> [What you are asked to do]: Below are some records. Write out the lines from the one containing "PHÂN TÍCH HIỆU" to the last line, word for word, leaving out pictures.
Segment Start: Data for this exercise
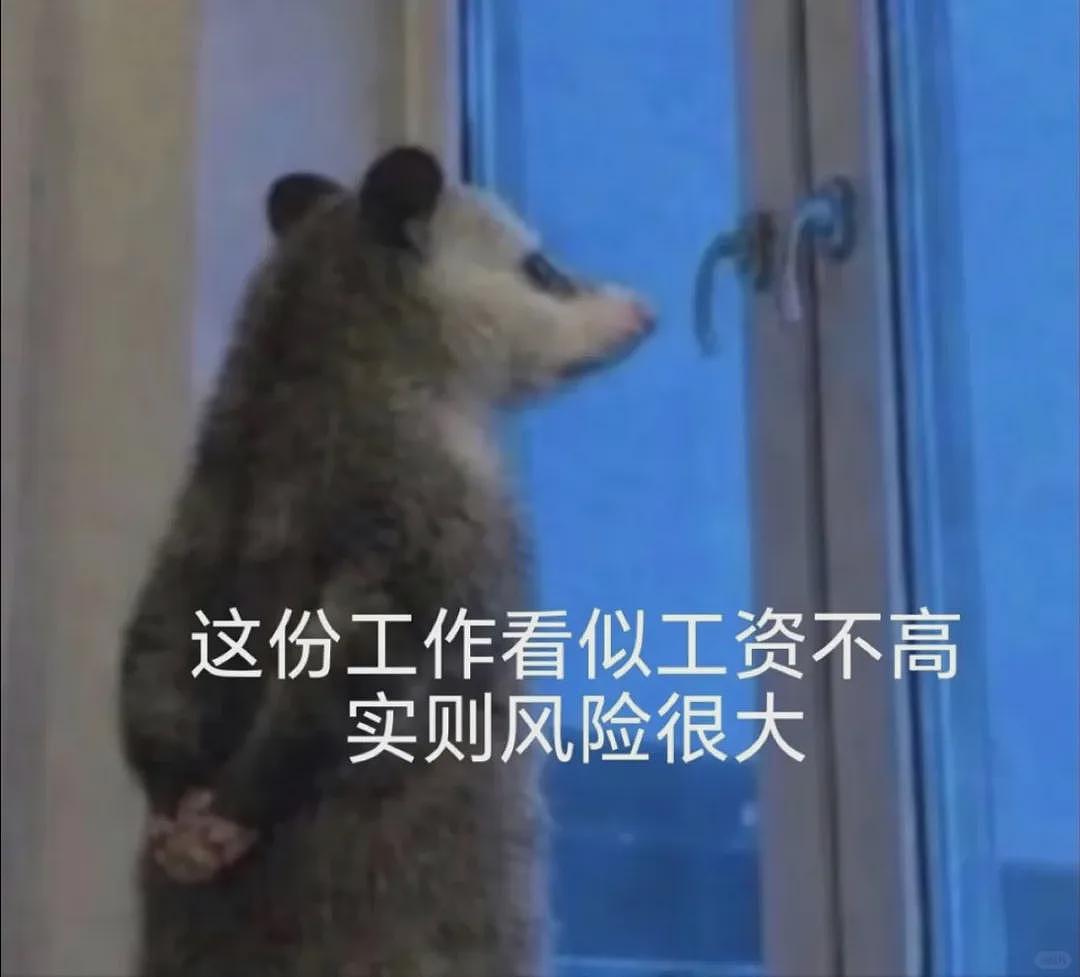 【宠物】笑鼠，这个负鼠表情包繁殖得太快了 - 2
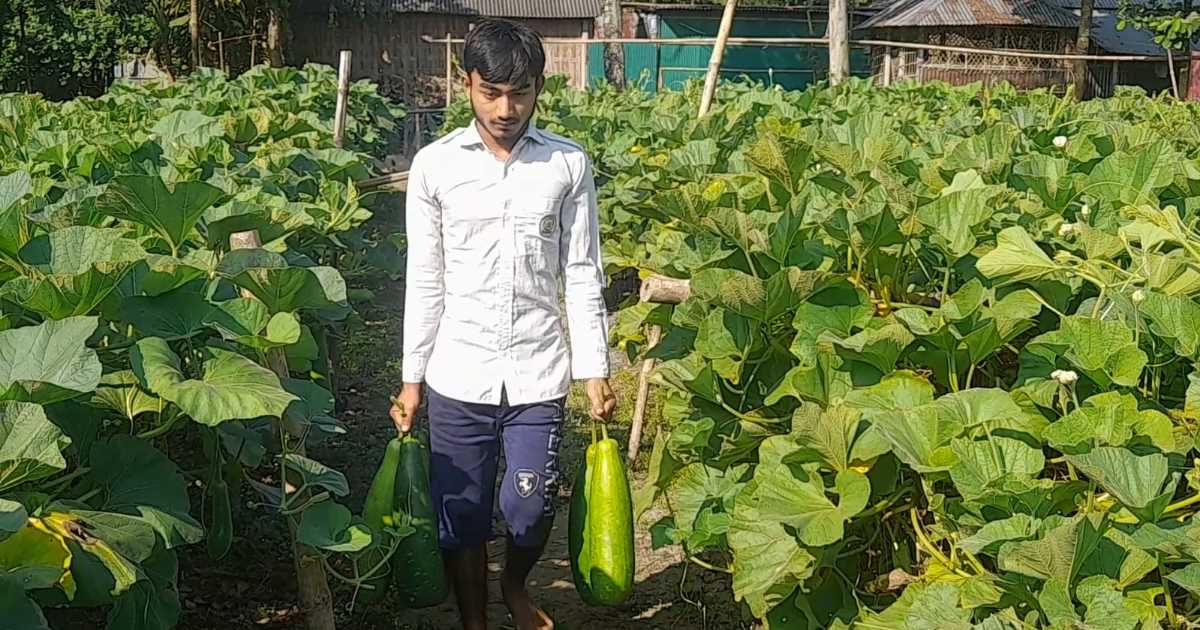 লাউয়ের বাম্পার ফলনেও হাসি নেই নীলফামারীর কৃষকের মুখে
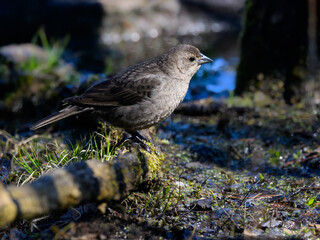 Female Brown-headed Cowbird foraging on ground in spring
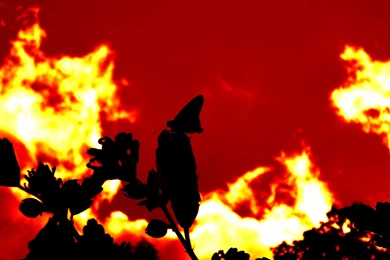 Red Sky Wallpapers By Blackpanther1307 On DeviantArt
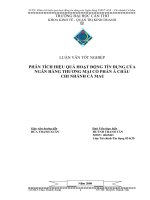 PHÂN TÍCH HIỆU QUẢ HOẠT ĐỘNG TÍN DỤNG CỦA NGÂN HÀNG THƯƠNG MẠI CỔ PHẦN Á CHÂU  CHI NHÁNH CÀ MAU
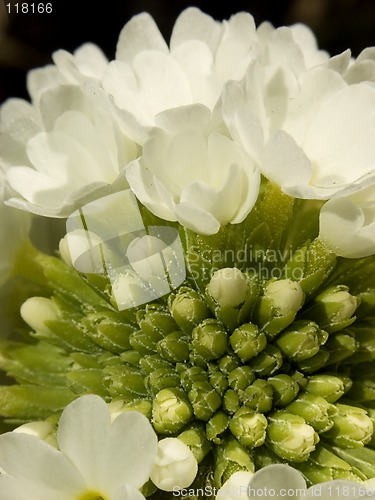 Image of White primula II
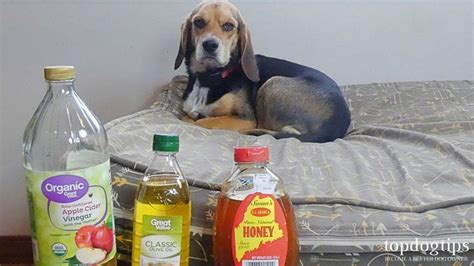 5 Best Home Remedies For Mange In Dogs All Natural Treatments Youtube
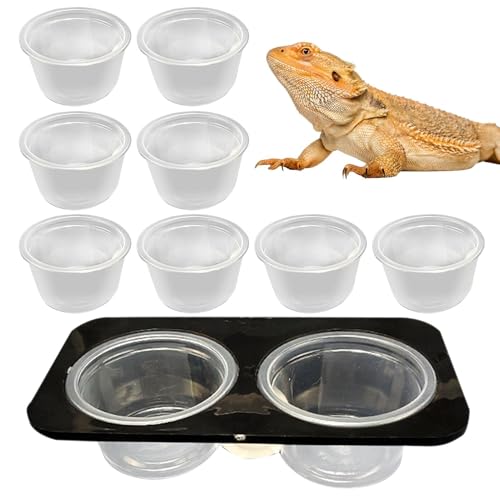 Reptilienwassergericht, Reptilienfuttergericht - Echsenfutterfuttermittel Crested Water Bowl - Abnehmbare Fütterungsgericht mit Tassen Platz sparter Tankzubehör für Schildkröte & Box von Generisch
Segment End: Data for this exercise
> [Result below]:
 PHÂN TÍCH HIỆU QUẢ HOẠT ĐỘNG TÍN DỤNG CỦA NGÂN HÀNG THƯƠNG MẠI CỔ PHẦN Á CHÂU  CHI NHÁNH CÀ MAU
 Image of White primula II
 5 Best Home Remedies For Mange In Dogs All Natural Treatments Youtube
 Reptilienwassergericht, Reptilienfuttergericht - Echsenfutterfuttermittel Crested Water Bowl - Abnehmbare Fütterungsgericht mit Tassen Platz sparter Tankzubehör für Schildkröte & Box von Generisch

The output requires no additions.